船翁作势欲收,但被舞轻尘阻止:“我喝,但我喝完后你一定要回答我。”船翁点头应允:“我自当解惑,吾不至于诳你。”
舞轻尘举起酒杯,一饮而尽,很奇怪的是这酒没有酒精的辛辣之感,反而有些冰凉,很舒服。清凉的酒液入口即化,唇齿生香。入腹后便化为一股寒流在四肢百骸间奔腾,舞轻尘猛然一哆嗦,冷,冻彻灵魂的冷,舞轻尘的眉发皆白,远远望去就和一个套上衣服的雪人差不多。
舞轻尘张嘴欲说,可一张嘴,口鼻之间就喷薄而出无数神曦,,充盈整个小舟。
“不要说话,以免能量溢散,速速运转神功,功行周天,压制伤势。”船翁神情严肃,手掌贴在舞轻尘的背上,不断渡入能量,帮助舞轻尘炼化神酿,可他却不知,他所渡入的精纯能量正在一点点流向舞轻尘的背部。在那里,一朵黑色的火焰花朵跳动了一下,又很快陷入沉寂。
舞轻尘体表红白两色光晕疯狂交错,体内早已是天人交战,所有的脉络都绞成一团,千疮百孔,还有一股血色能量到处乱窜,疯狂破坏舞轻尘体内的一切。但是在舞轻尘的体内,一股外来的寒流,不断梳理脉络,修复创伤,和血色能量来回拉锯。
良久,舞轻尘闷哼一声,喷出一大滩黑色鲜血,眼中一抹精光闪过,却是寒流耗尽。寒流乃是无根之萍,即使能量再庞大也会耗尽,在寒流耗尽后,舞轻尘的脸色回复苍白,但和之前明显不同,苍白的脸色多出一分健康的红润。感受到体内的伤势已经好上许多,这应该是件很高兴的事,可是舞轻尘却高兴不起来。
船翁脸色阴沉如水,一股难以言明的疯狂和戾气正在不断增强:“说,你身上的道伤是怎么回事?”
舞轻尘脸色一寒:“我不知道你说的什么,我也不知道道伤是什么东西。”
船翁狰狞咆哮:“大道神伤,追魂索命;神消形陨,灰飞烟灭。你的身上,为什么会道伤,你究竟做了什么。如此高等的道伤闻所未闻,见所未见,即使是远古的诸神都难以救治。”

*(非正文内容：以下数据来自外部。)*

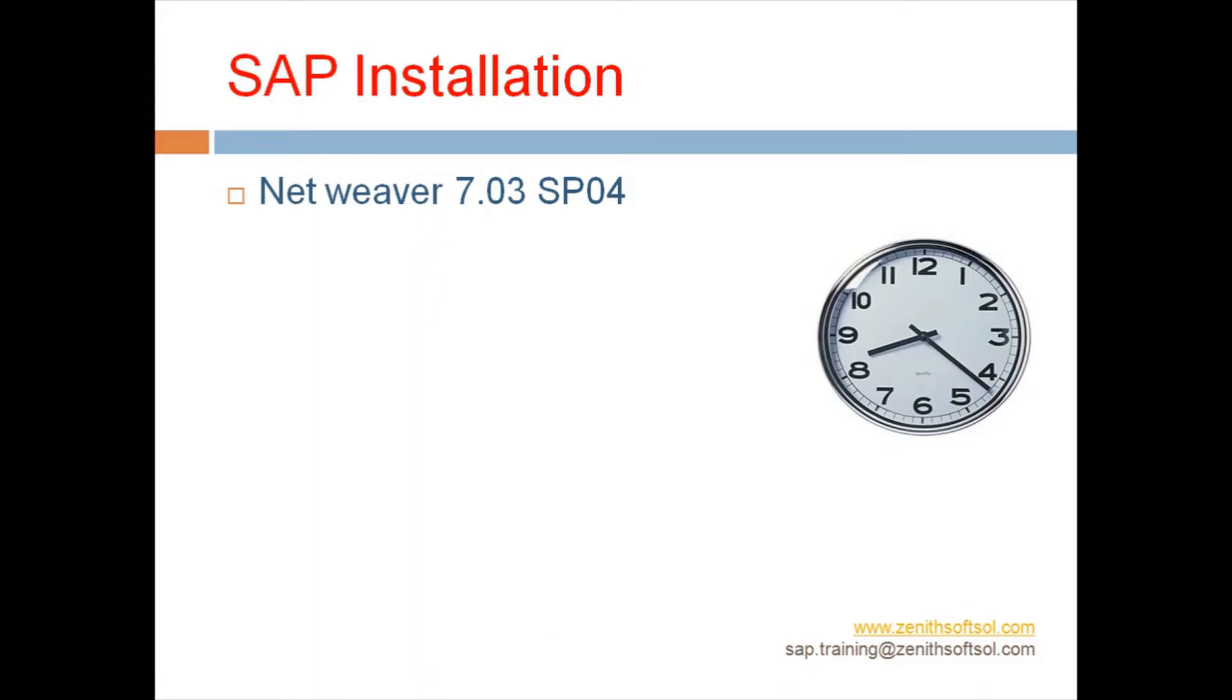In our last session we have seen the prerequisites needed before installing SAP. So today we are going to see the installation of SAP.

舞轻尘的心渐渐冰冷,看向船翁的眼神也失去了敬意:“远古诸神难以救治?呵呵,你不就是远古的诸神吗?说什么无法救治,其实只是你没办法吧。我不知道道伤是什么东西,也不知道是怎么来的,但我可以知道一点,你之前都是伪装的,你的目的到底是什么?”
船翁一把将酒杯捏碎,冷哼一声,震散了之前创造的一切,张狂大笑起来:“你早就猜到了,不错,我就是远古遗留下来的诸神之一。之前救你除了因为我欠洪玄公一个恩情外我也有所图谋。但是现在,你居然受了道伤,你还有什么价值?”
“世上没有无解的事物。”舞轻尘冷冷反驳。
“哼,天真,医神已经战死了,以这尘世的医术,还没到能都治道伤的程度,这世间,已经没有能救治你的人或神,”
“不一定,洪门神功。”舞轻尘眼中闪过一丝莫名的光芒。
对此,船翁只有嘲笑:“可笑,本尊神念已经查过了,你的道伤与洪门神功同出一源,这伤就是洪门神功造成的,你知道这要什么程度的洪门神功才能治吗?至少大成,你师傅都不曾达到的高度。你已经没有希望了。”
舞轻尘脸色一白,她想起道伤的来历了,是洪门神功的禁忌武学。那天夜,血月下的那个血色声影凄厉悲鸣,献上自己的鲜血寿元,越级动用禁忌的神威。
是血之满月斩,是自己越阶使用禁忌才造成的这道伤,实力不济妄动禁忌,这就是代价吗?难怪师傅千叮万嘱不能动用,但是,轻尘无悔。
舞轻尘脸色苍白,道伤烙印在神魂之中,即使身死,也会随着神魂转世,直到神魂湮灭,磨灭每一寸存在的痕迹,从此世间无有舞轻尘一人出现过。
船翁脸带恨色,一步一步向舞轻尘走来,每一步仿佛和天地交感,踏在天地的脉动上,最后,一点点和舞轻尘心脏的跳动重合:“咚、咚、咚……”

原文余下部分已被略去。